9 “As the Father loved Me, I also have loved you; abide in My love.

10 If you keep My commandments, you will abide in My love, just as I have kept My Father’s commandments and abide in His love.

11 “These things I have spoken to you, that My joy may remain in you, and that your joy may be full.

12 This is My commandment, that you love one another as I have loved you.

13 Greater love has no one than this, than to lay down one’s life for his friends.

14 You are My friends if you do whatever I command you.”

The commentaries apply this to the Church, but in the context of the entire chapter, it’s obvious that Christ was speaking to the disciples (vs.3, 11, 16, 27) and, therefore, to Israel.

God’s love is unchanging.
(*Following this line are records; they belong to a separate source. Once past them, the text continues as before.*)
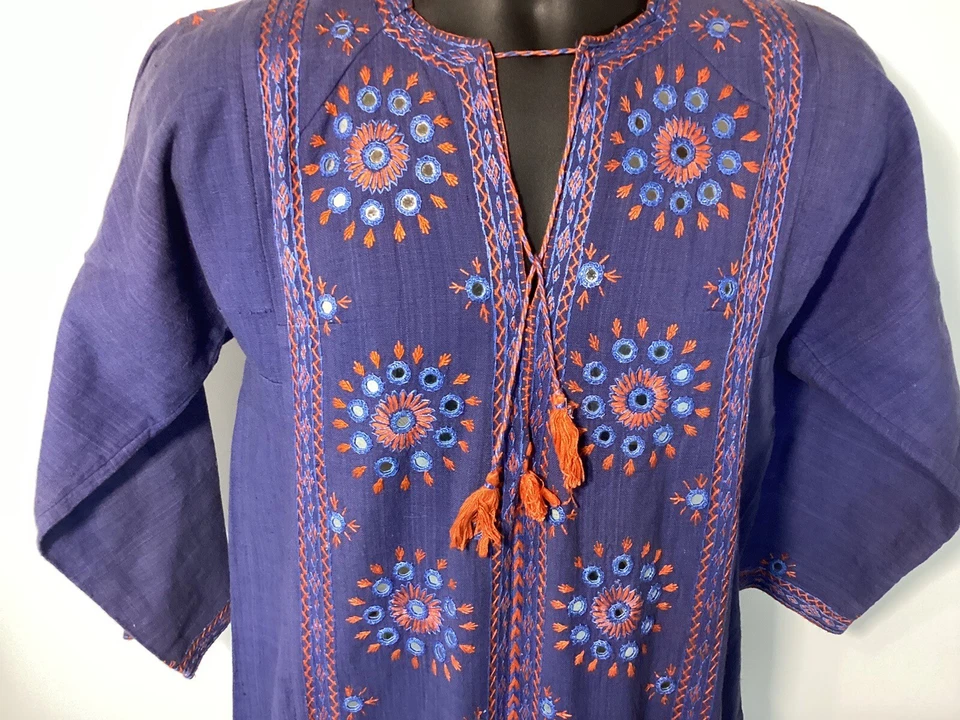 Vestido boho hippie vintage años 70 índigo espejado caftán Foto 4 de 4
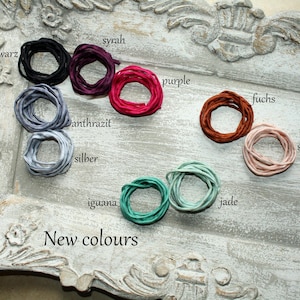 MORE COLORS - Hand-dyed silk ribbons - Silk ribbon / silk cord Ponge 05 Habotai silk ...... approx. 100 cm long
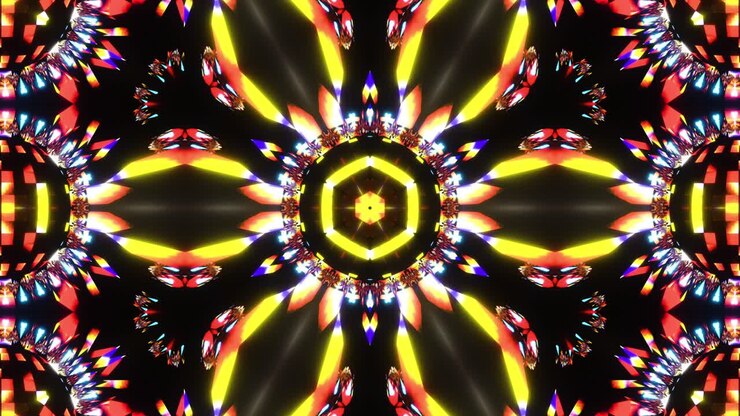 Vj Loop Disco Ball Neon Kaleidoscope. Seamless animation.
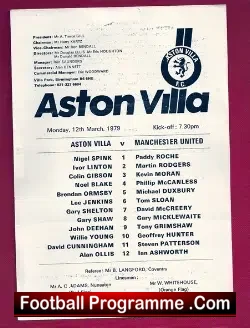Aston Villa v Manchester United 1978 – Reserves Match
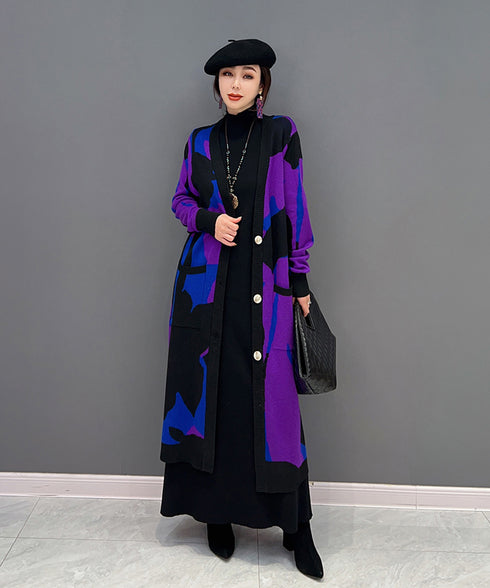 Blocking Collar Long Knit Cardigan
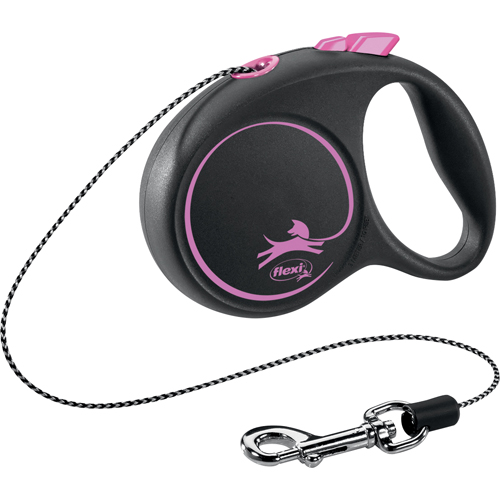 flexi Black Design Snöre 3 m, 8 kg, Rosa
As long as His followers focus on it (abide in Him), they’ll bear fruit. But not if they abide in themselves and focus on their love for Him. Then they’ll see failure.

“So shall ye be My disciples” (John 15:8). With this should be compared John 8:31: “If ye continue in My Word, then are ye My disciples indeed.” Continuance in the Word is not a condition of discipleship, but an evidence of it. So here, to bear much fruit will make it manifest that we are His disciples. Just as good fruit on a tree does not make the tree a good one, but marks it out as such, so we prove ourselves to be Christ’s disciples by displaying Christlike qualities.

“As the Father hath loved Me, so I have loved you” (John 15:9). There is no change of theme, only another aspect of it. In the two previous verses the Lord had described three of the consequences of abiding in Him in order to bear fruitfulness; here, and in the three verses that follow, He names three of the varieties of the fruit borne; and it is very striking to note that they are identical with the first three and are given in the same order as those enumerated in Galatians 5:22, where the “fruit of the Spirit” is defined. Here in John 15:9, it is love; in 15:11, it is joy; while in 15:12 it is peace — the happy issue of brethren loving one another. — Pink, page 14.